EXERCISE PROMPT: Would you give the listing back word for word once its pictures are removed?

WORKING DATA:
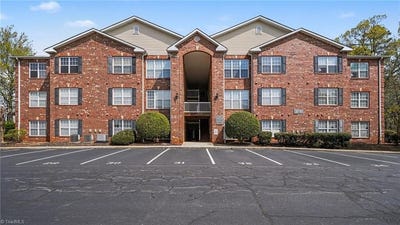 /international/us/3710-cotswold-avenue-greensboro-nc-110107308927/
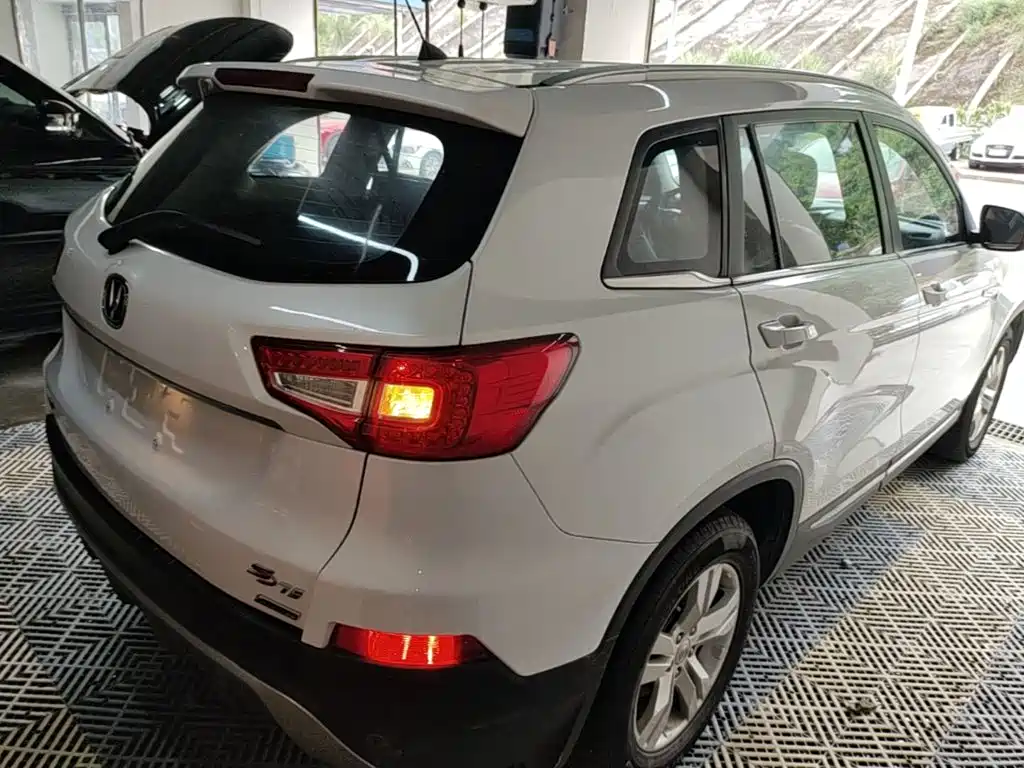 Фото 7 - Changan CS75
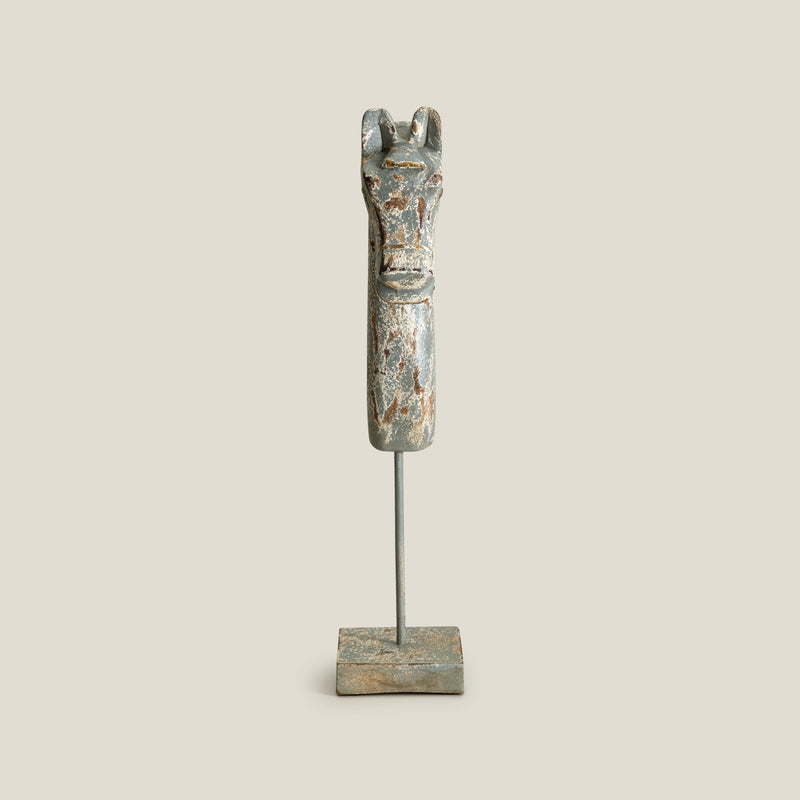 Cavalo Light Grey Sculpture S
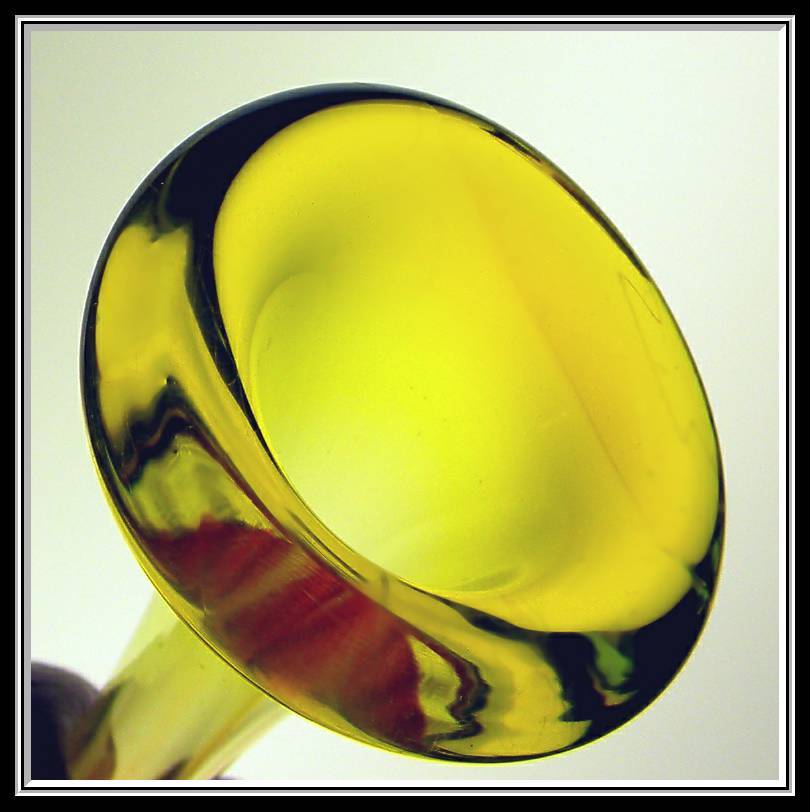 Italian Controlled Bubbles Blown Glass Paperweight Vase Italian Controlled Bubbles Blown Glass Paperweight Vase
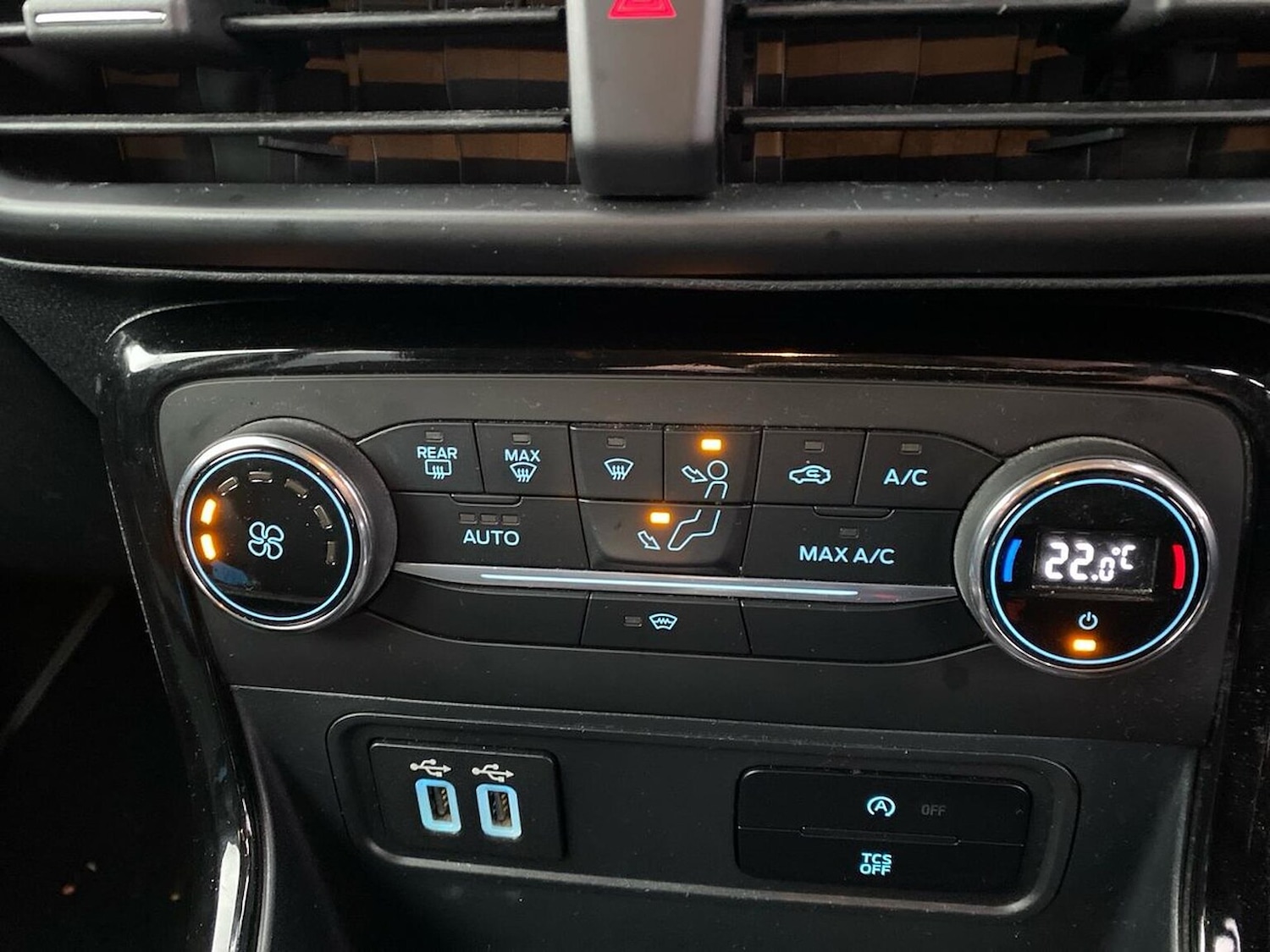 Used Ford Ecosport 2020 for sale - 77065793: Photo 14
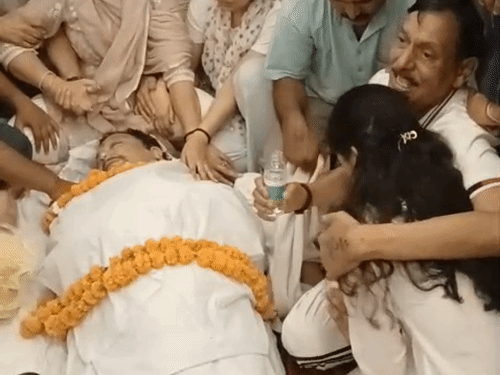 वाराणसी एयरपोर्ट पर पहुंचा जसपाल राणा का पार्थिव शरीर: चार्टर विमान से देहरादून से लाया गया, मणिकर्णिका घाट पर होगा अंतिम संस्कार - Varanasi News कोच जसपाल राणा को अंतिम विदाई देने पहुंचीं मनु भाकर। इस दौरान वह राणा के पिता नारायण सिंह राणा से लिपटकर रो पड़ीं।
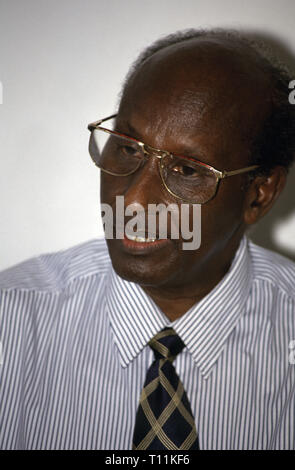 Il 27 ottobre 1993 generale Mohamed Farah Aidid dando una improvvisata conferenza stampa per i media internazionali a Mogadiscio, in Somalia. Foto Stock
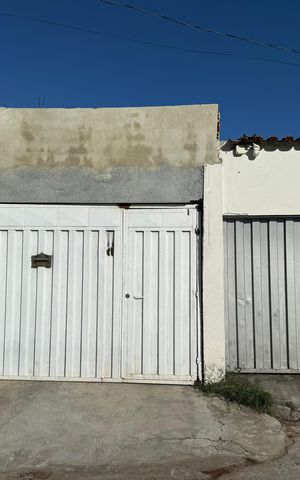 Casa para alugar com 130m², 3 quartos e 3 vagas Casa para alugar com 130m², 3 quartos e 3 vagasFachada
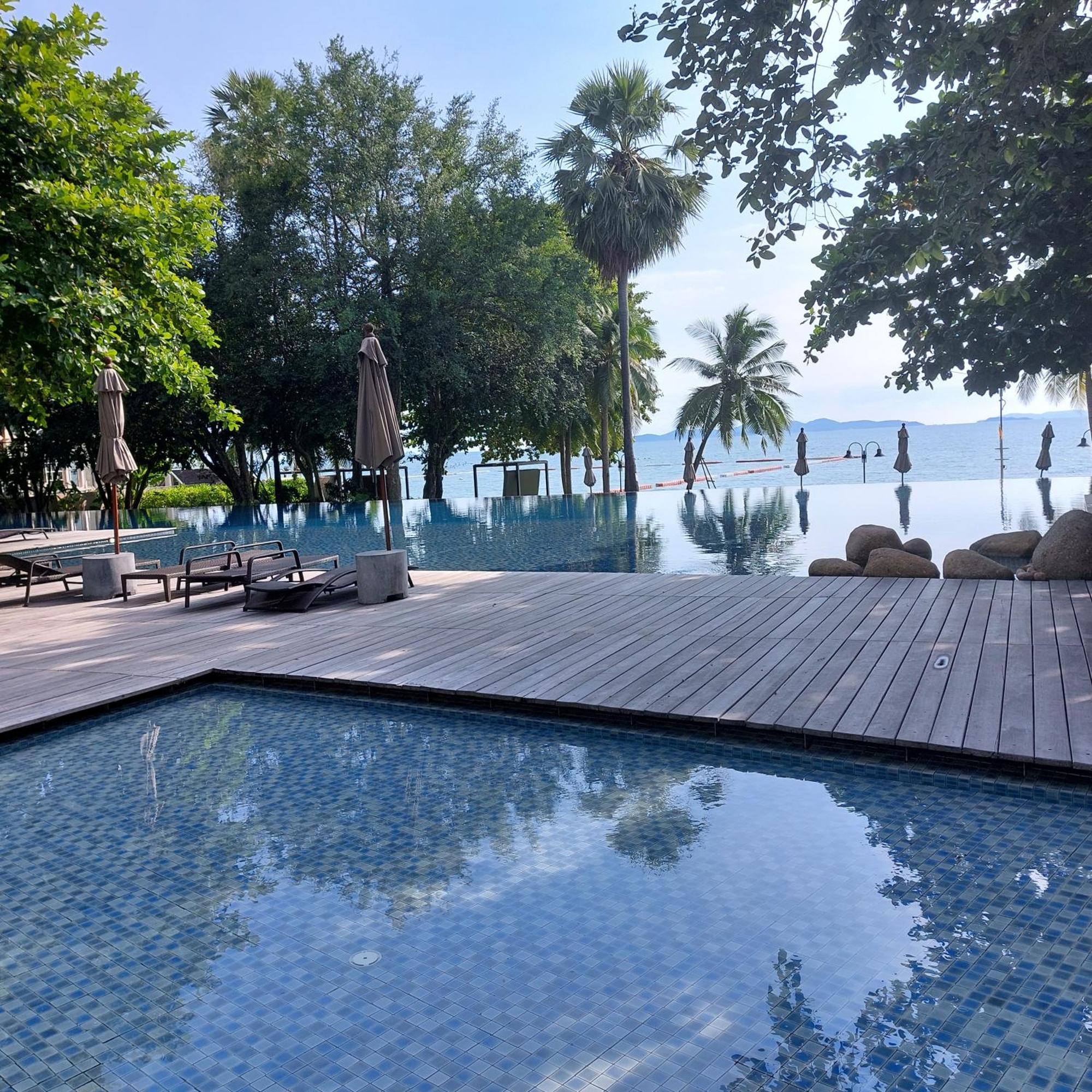 Sea View Apartment In Pattaya Esterno foto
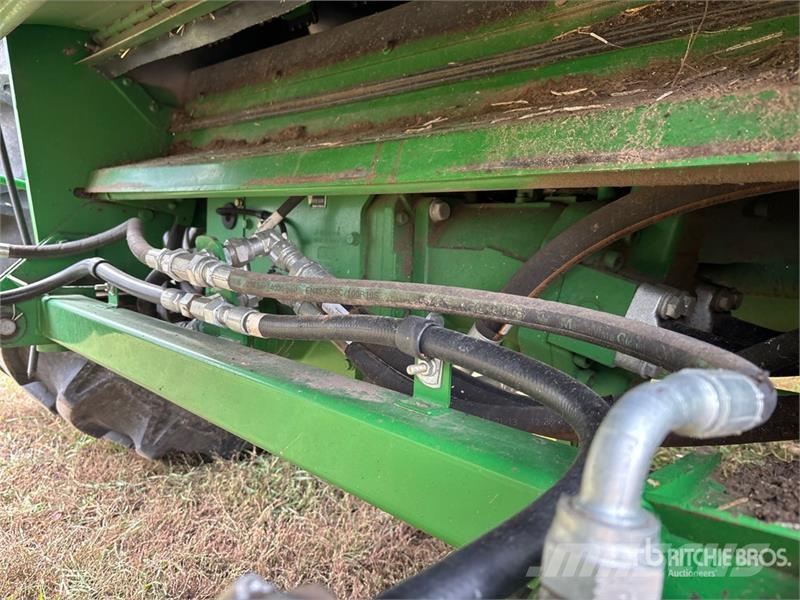 John Deere S690 Biçerdöverler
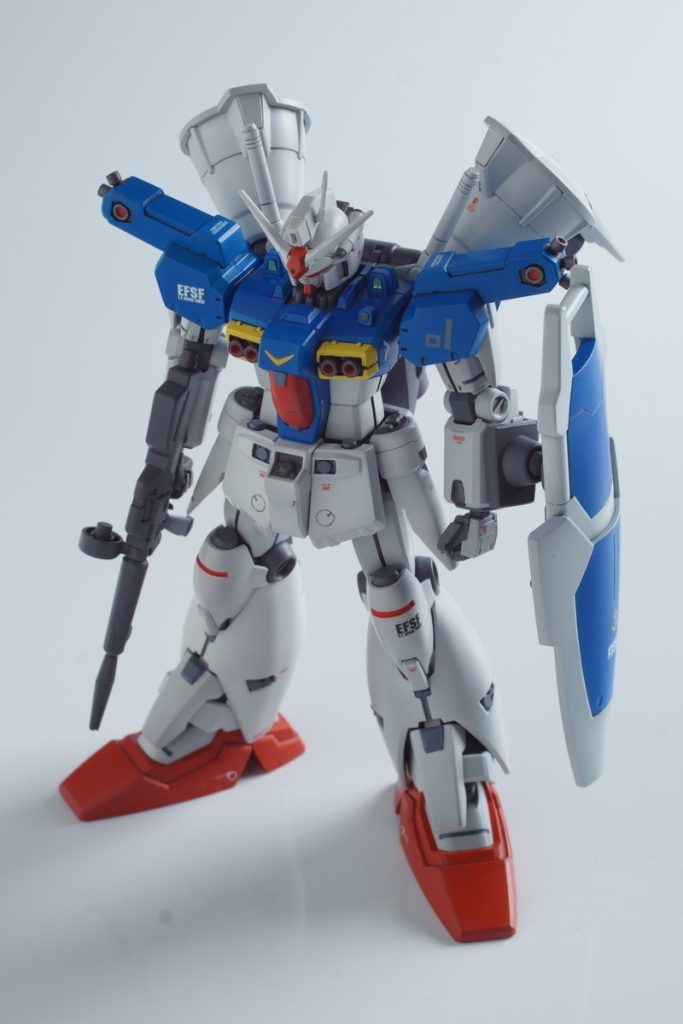そんなにMGとも大きな差異を感じないスタイリングだと思います。GP01Fbってスリッパが大きいのでスタイリング調整迷いますよね。でもこのキットはちゃんとこれで正解だなぁと改めて思いました。アンクルアーマーの合わせ目も処理してますが、隠れるからそんなに気にしなくてもいいような？（笑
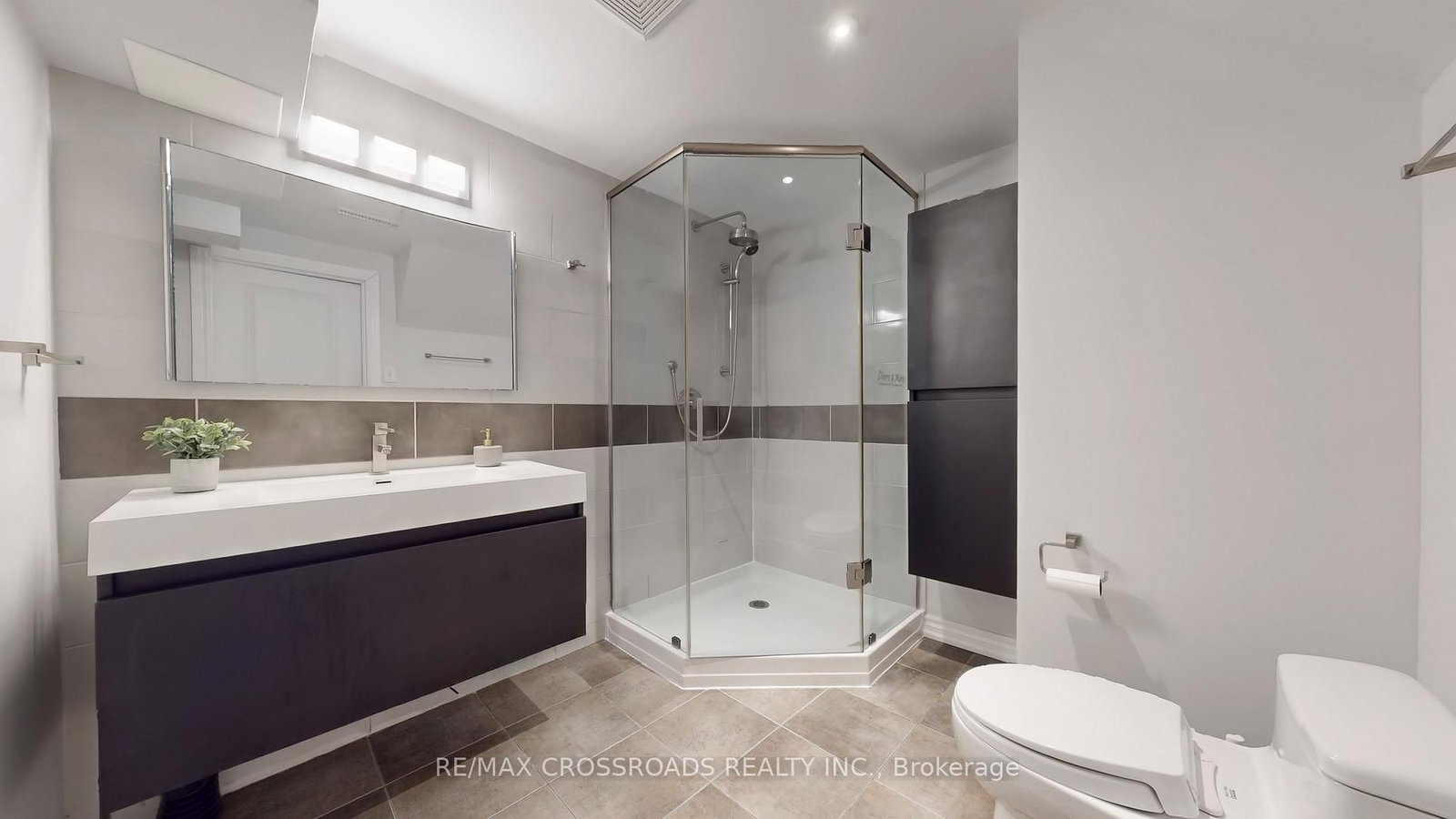 Detached House sold at 122 Destino Crescent, Vaughan, Ontario, L4H 3E2 - Vellore Village - MLS: N12807300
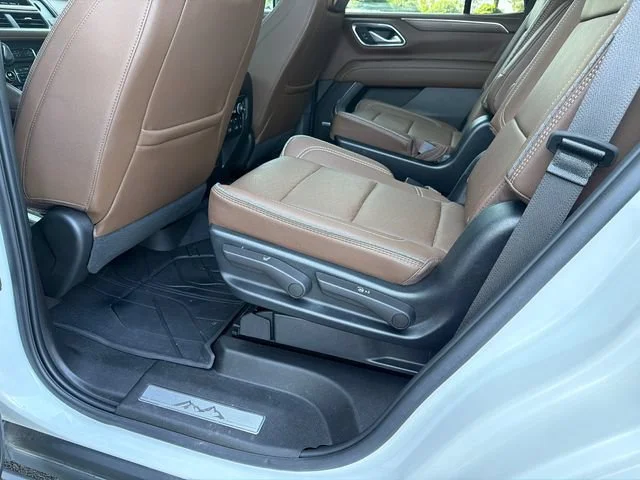 Used 2023 Iridescent Pearl Tricoat Chevrolet High Country image 21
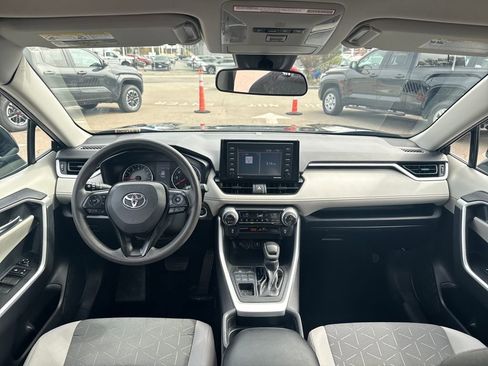 Used 2021 Toyota RAV4 XLE AWD/4WD image 11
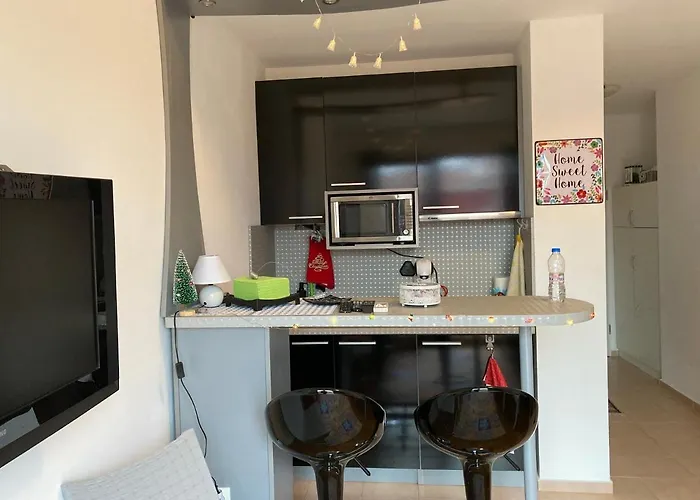 Art Marina Cape-private Host דירה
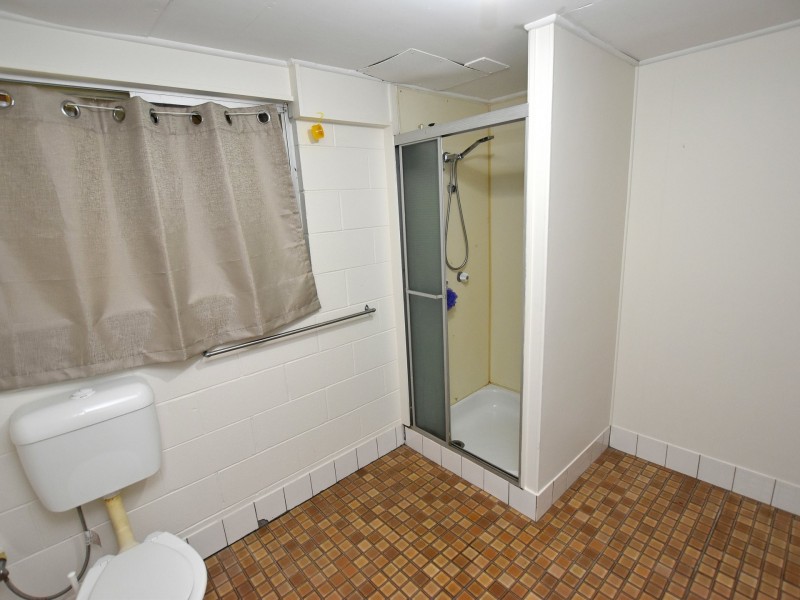 18 Robson Street, Kilcoy QLD 4515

PROBLEM SOLUTION:
 /international/us/3710-cotswold-avenue-greensboro-nc-110107308927/
 Фото 7 - Changan CS75
 Cavalo Light Grey Sculpture S
 Italian Controlled Bubbles Blown Glass Paperweight Vase Italian Controlled Bubbles Blown Glass Paperweight Vase
 Used Ford Ecosport 2020 for sale - 77065793: Photo 14
 वाराणसी एयरपोर्ट पर पहुंचा जसपाल राणा का पार्थिव शरीर: चार्टर विमान से देहरादून से लाया गया, मणिकर्णिका घाट पर होगा अंतिम संस्कार - Varanasi News कोच जसपाल राणा को अंतिम विदाई देने पहुंचीं मनु भाकर। इस दौरान वह राणा के पिता नारायण सिंह राणा से लिपटकर रो पड़ीं।
 Il 27 ottobre 1993 generale Mohamed Farah Aidid dando una improvvisata conferenza stampa per i media internazionali a Mogadiscio, in Somalia. Foto Stock
 Casa para alugar com 130m², 3 quartos e 3 vagas Casa para alugar com 130m², 3 quartos e 3 vagasFachada
 Sea View Apartment In Pattaya Esterno foto
 John Deere S690 Biçerdöverler
そんなにMGとも大きな差異を感じないスタイリングだと思います。GP01Fbってスリッパが大きいのでスタイリング調整迷いますよね。でもこのキットはちゃんとこれで正解だなぁと改めて思いました。アンクルアーマーの合わせ目も処理してますが、隠れるからそんなに気にしなくてもいいような？（笑
 Detached House sold at 122 Destino Crescent, Vaughan, Ontario, L4H 3E2 - Vellore Village - MLS: N12807300
 Used 2023 Iridescent Pearl Tricoat Chevrolet High Country image 21
 Used 2021 Toyota RAV4 XLE AWD/4WD image 11
 Art Marina Cape-private Host דירה
 18 Robson Street, Kilcoy QLD 4515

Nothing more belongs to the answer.